退職金規程の見直し

 企業が退職金規程の見直しを考えるのはどんな時かといえば、経営状態が悪化して、現行の規定に基づいた退職金が支払えないという危機感を持った時である。法律的な見解からいえば、従業員にとって不利益となる改定は許されないといことになるが、現実に退職金規定の見直しや場合によっては制度そのものを廃止する企業もある。
 ただし、このような場合は、例え制度として改定ないし廃止が実行されても、従業員にとって既得権を奪われたと感じるものであれば、会社は旧来の規定に基づいて退職金を支給する義務がある。つまり、従業員にとって退職金は、既に住宅ローンの返済原資として見込んでいるかもしれないし、老後の生活設計のなかに何らかの形で組み込まれている。
 一方、会社とすれば、経営が立ち行かなくなれば退職金どころか毎月の賃金さえ支払うことができないという内実があるかもしれない。こうした究極の状況を法的な権利義務で解決しようとしても無理であることは自明の理である。もっとも、法律の解釈にも幅があり、退職金規程を見直すことの合理性の存在を幾つか具体的に示してはいる。

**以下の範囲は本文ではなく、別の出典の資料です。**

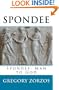 SPONDEE: Spondee: Man to God (Greek Edition)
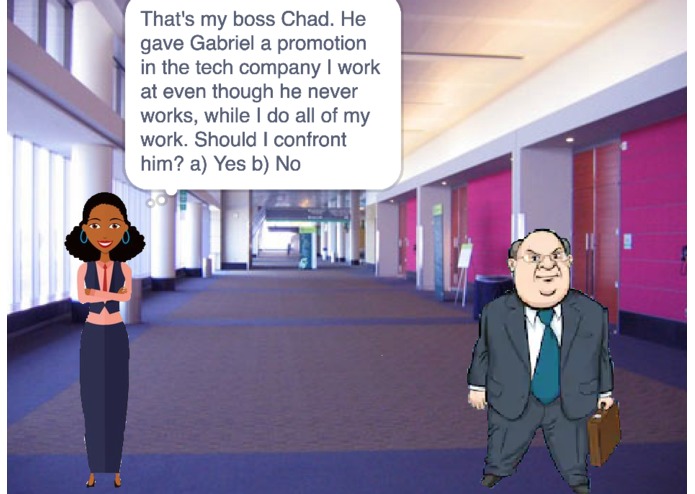 Team 14 I Exist  – screenshot 1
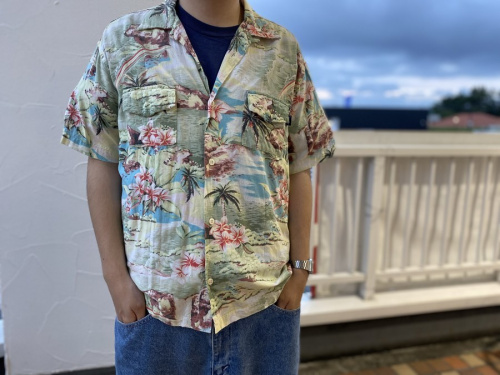 ストリートブランドのstussy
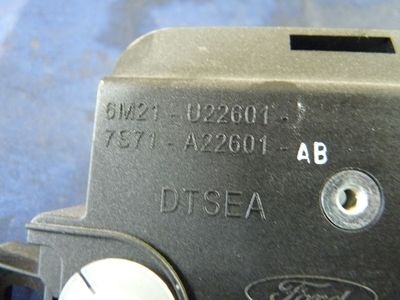 Ford Mondeo MK4 Ghia 2.5 ST Türgriff, innen h/v. l. / 7S71A22601AB ORIGINAL gebraucht - 6M21U22601AB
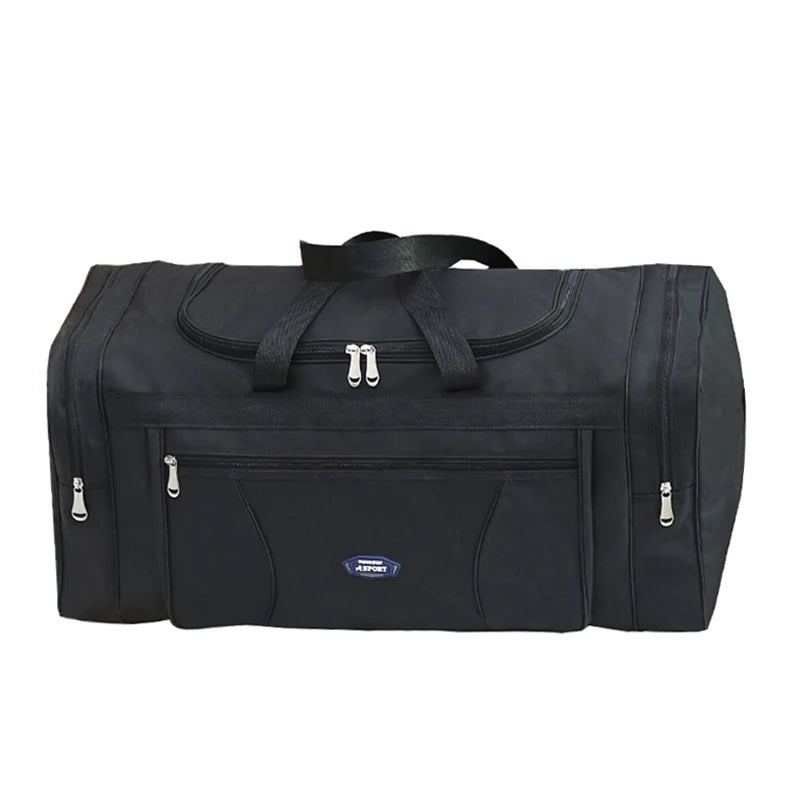 Casual Large-capacity Travel Bag Men's Shoulder Portable Storage Waterproof Bag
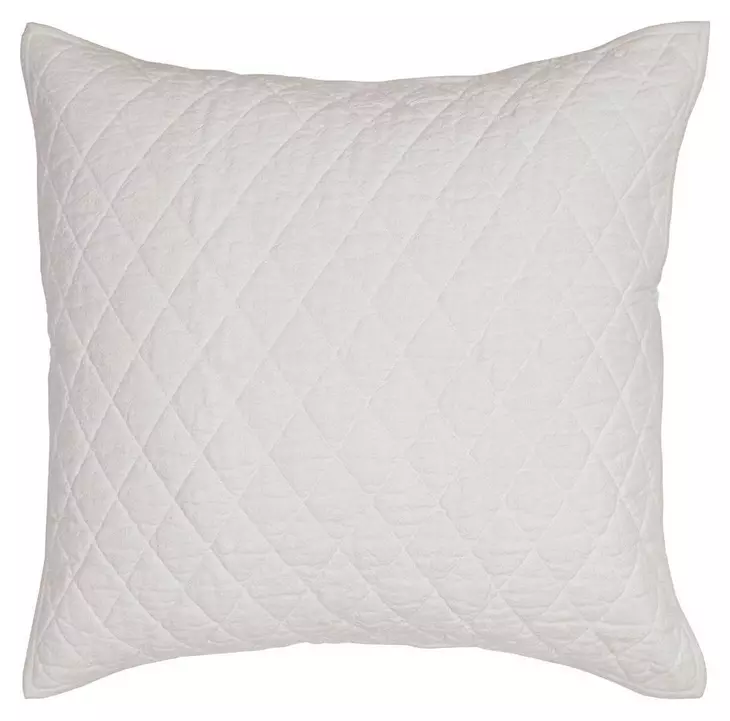 Vintage Lana Wool Euro Sham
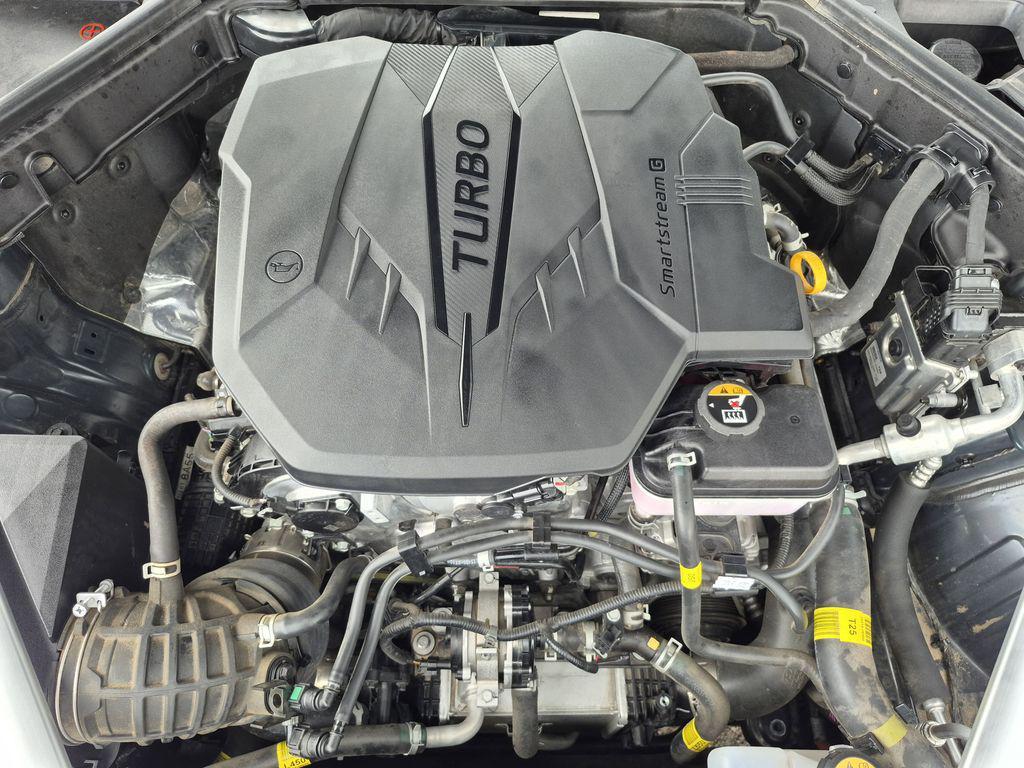 used 2023 Kia Stinger car, priced at $31,000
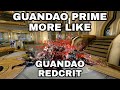 Building for Red Crits is strong!! warframe how to do red crit 100% build  2022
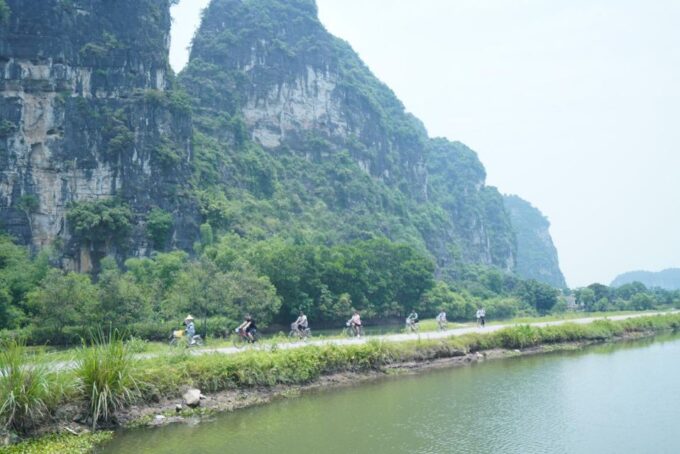 From Hanoi Visit Hoa Lu Capital - Tam Coc Boating - Biking - Tour Inclusions and Suitability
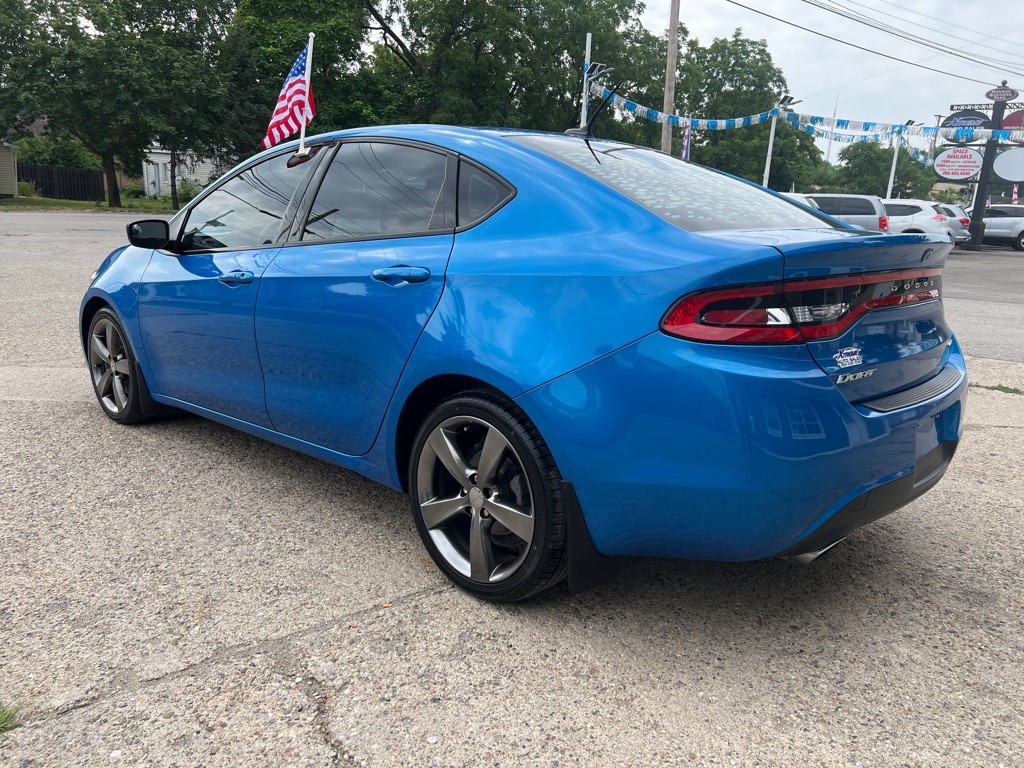 2015 Dodge Dart Image 6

 しかし、極端な場合、「退職金制度の廃止に同意できないのであれば、現行の制度の下で退職金を支払う」という、なかば脅迫に近い形で、退職と退職金制度廃止の二者卓越の選択を迫るという荒業を用いる会社もある。こうしたやり方も、実は合理的ではないやり方だとは断じきれない場合もあり、どの視点で合理性を判断するかは難しい。
 現在多くの企業で問題になっている退職金の積み立て不足を考えると、いつかは大きな社会問題に発展する危険性も否定できない。何しろ、まじめに積み立ててきた企業でさえも、預け入れた先が資金の運用に失敗したという一言で片づけられるようでは、むしろ退職金制度などない方がましだと考える経営者や労働者もあるかもしれない。
 退職金制度は、元々賃金後払いや老後の生活保障、長年の功労に報いるなどの性格があるといわれてきたが、経済環境ばかりではなく、社会環境の変化が予想困難な現代社会では、全てが空手形に終わってしまうことだってあり得る。自社の経営状態を見極める責任は、経営者ばかりではなく、従業員の側にも求められていると考えなければならない。